1 - Öncelikle tavsiyelerinizi kendinize saklayın Koray bey. Bu güne kadar göklere çıkamasam da, hayatımda hiç bir zaman yüksekten aşağı alçalmadım; irtifa kaybetmedim. Bilakis, aşağı seviyelerden yukarılara, emin adımlarla çıktım ve de devam ediyorum. 2 - Daha önce konu başlarında yazdığımı hatırlıyorum ama yinede ilavelerle tekrar yazayım. Burada ben diyorum '' 7-8 yıldır şunu kullandım, 4-5 yıldır bunu kullandım, bahsedilen sıkıntının zerresini yaşamadım '' Haluk bey, ( furunotr ) aynı benim dediğimi daha uzun seneler belirterek beyan ediyor. Erzurumdan Nuri kardeşimiz bir yerlerde yazma gereği duymuştu, '' Hyperloop 4000 i, 5-6 senedir dertsiz tasasız kullanırım ve bu gidişle daha bir o kadar kullanırım '' der. Burada o kadar kullanan kişiler, öneri tavsiyei geldiğinde bu 3 makinayı ( Catana, Nexave, Exage ) memnuniyetleri neticesi tavsiye ederler de, neden ederler ? Ve en önemlisi, Katalogda Exage serisi için 1.000.000 tercih diye belirtmiş. Burada ki 1.000.000 kişi bu işten ne kadar anlıyorsa, bizde o kadar anlıyoruz; demek ki. Ama +++, Ama ====. Sizde, bilgi donanımı olarak bizim konumumuzun tam 180 derece karşısında kalıyorsunuz. Bunun ötesi maalesef yok. İstatistikler, analizler bunu böyle gösterir. Tüm bunlardan sonra sizin yazdıklarınızı ciddiye almak,benim için abesle iştigalden öte değil. Tüm bunları yazmak istememe rağmen sizin isteğiniz üzerine yazmak zorunluluğu hissettim; kendi adıma. Sürçil-i lisan ettiysek de.........cyrr
Bu verdiğin örnekten, 1.000.000 kişinin hiç bir halttan anlamadığını görüyoruz sadece. 1933 te 17,277,180 kiş Adolf Hitler'i seçmişti. Sonuç ne oldu? Bu 17 milyon bilmem kaç kişi bu işlerden ne kadar anlıyorduysa, işte o bir milyon kişi de o kadar anlıyor. Yani, şimanov diyor ki, bir milyon kişiyi kandırdım, kekledim, buyrun sizde gelin, elle gelen düğün bayram... Allasen, bu döküntüler o kadar iyi diyorsan, söyle şu şimanova da boşuna o technium, stella vs. üretip durmasınal, yazık, günah, israf di mi ama?
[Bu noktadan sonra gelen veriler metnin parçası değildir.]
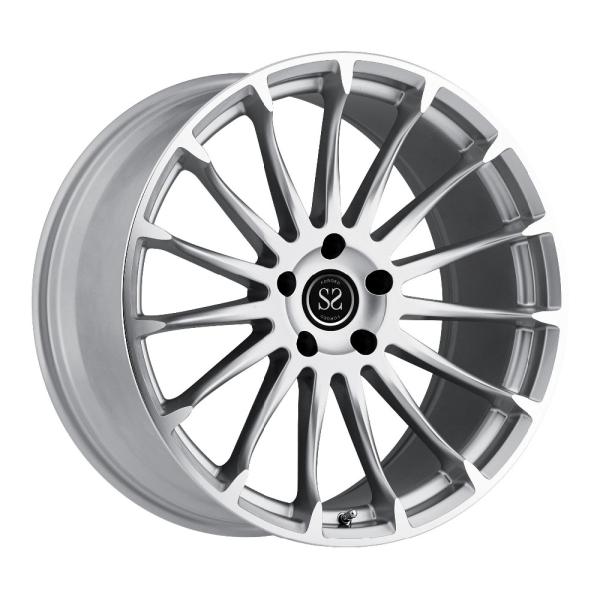 колесо сплава пятна 17 дюймов штейновое черное снабжает ободком для продажи вогнутые оправы оправа 18 колес спорта автомобиля дюйма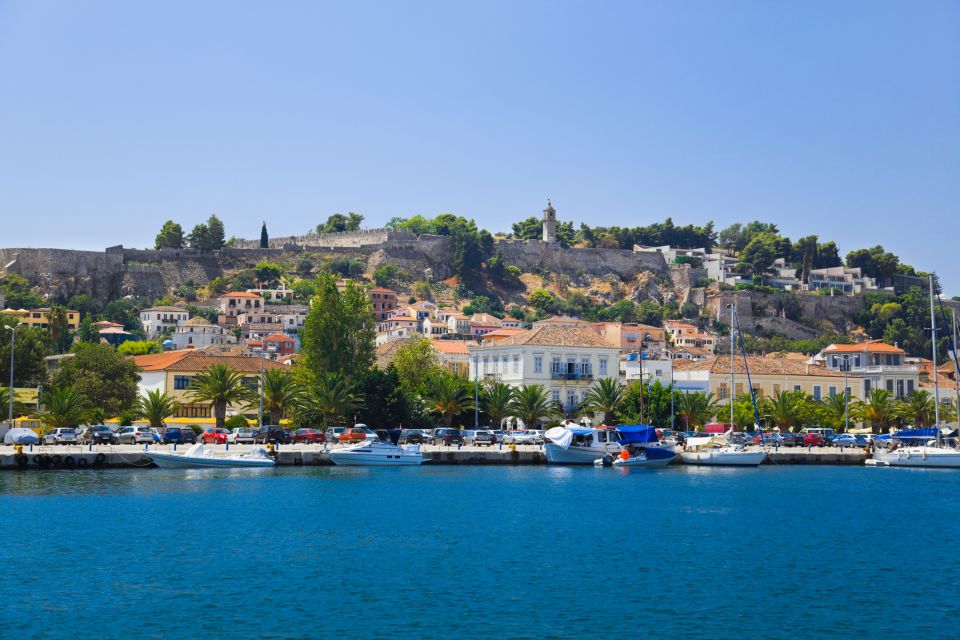 From Athens: Private Tour to Mycenae, Nafplio, & Epidaurus - Asklepieion at Epidaurus: Medicine in the Same Area
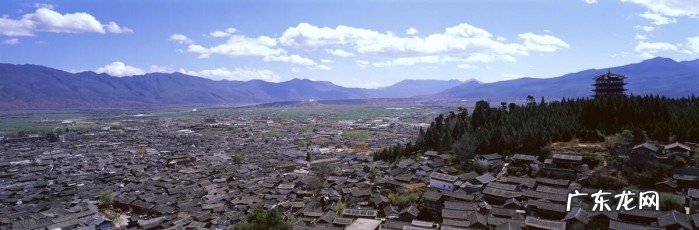 带你了解绚丽多彩丽江古城 丽江古城历史文化介绍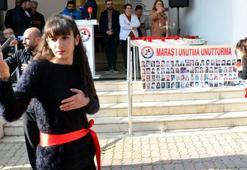 Maraş olaylarında hayatını kaybedenler anıldı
Tevfik abi senin sarı pirinç dediğin şey boyalı çıktı şimdi önce bir oradan başlayalım mı Olaya gelelim abi. Şu son yazdıklarımızı da yazmasaydık demek ki seni göremeyecektik,gözümüz seni arar olmuştu kaç gündür. Abi bizim senle aramızdaki fark şu, sen diyorsun ki Ahmet,Mehmet,Ali vs kullandı iyiymiş. Katalogta birşeyler yazıyor diyorsun. İyide abi biz onları zaten gördük okuduk o aşamayı geçtik ve aldık. Sonra diyoruz ki kullandık. Aha işte bunlar oldu işte fotoğrafları diyoruz. Sonra hala duyduğumuz şey ahanda katalogda 1 milyon yazıyordu, ahanda Ahmet abi bunu kullanıyordu buna iyi demişti bilmem ne falan. Eee bizim sorun o zaman yalan yani. Biz yalancıyız öyleyse, Fotoğraf makinesi de numara yapıyor olmalı bizlere. Ahmet abi iyi demiş, katalogta da 1 milyon satmış zaten.Yok kardeşim sorun olmaz. Mantık bu. O rakamlar bize istatistiği değil anca reklamı gösterir sayın ve sevgili abiciğim. Eğer bunlar aşınmayacak şeyler olsaydı yedek parçaları da olmazdı değil mi? Biz aşınmaz demiyoruz, bu kadar erken aşınmamalı diyoruz ama keşke bir anlatabilsek. Size bizim içinde bulunduğumuz durumu izah eden bir paragraf alıntılayayım. Dünyanın yuvarlak olduğu kadar basit bir ifade bile, çoğu insan okyanusların döküleceğine inandığı için imkansiz görülerek dalga geçilmiştir. Güneşin evrenin merkezi olduğu düşüncesi kafirlik olarak adlandırılmıştı. Küçük beyinler daima anlayamadıklarına saldırmışlardır. Galileo dünya yuvarlaktır dediği için giyotinle idam edilmiş, İtalyan bilim adamı ve rahip Giordano Bruno ise dünya bir gezegendir ve güneşin etradında dönmektedir dediği için yakılarak öldürülmüştür. Kaynak: http://baturayozden.com/modern-kahramanlar/
Bir çok önerilerde, '' O KISTASLAR DAHİLİNDE '' ibarelerini atlamışsın sanırım. Eh, senelerdir bir sorun yaşamamışsan, aksine de mutluysam, gerisi boş. At'la deve değil ya. Yedekleri evde hazır kıta görev sırasının kendilerine gelmesini beklerler. Ama bir türlü gelmez. Fani işler bunlar.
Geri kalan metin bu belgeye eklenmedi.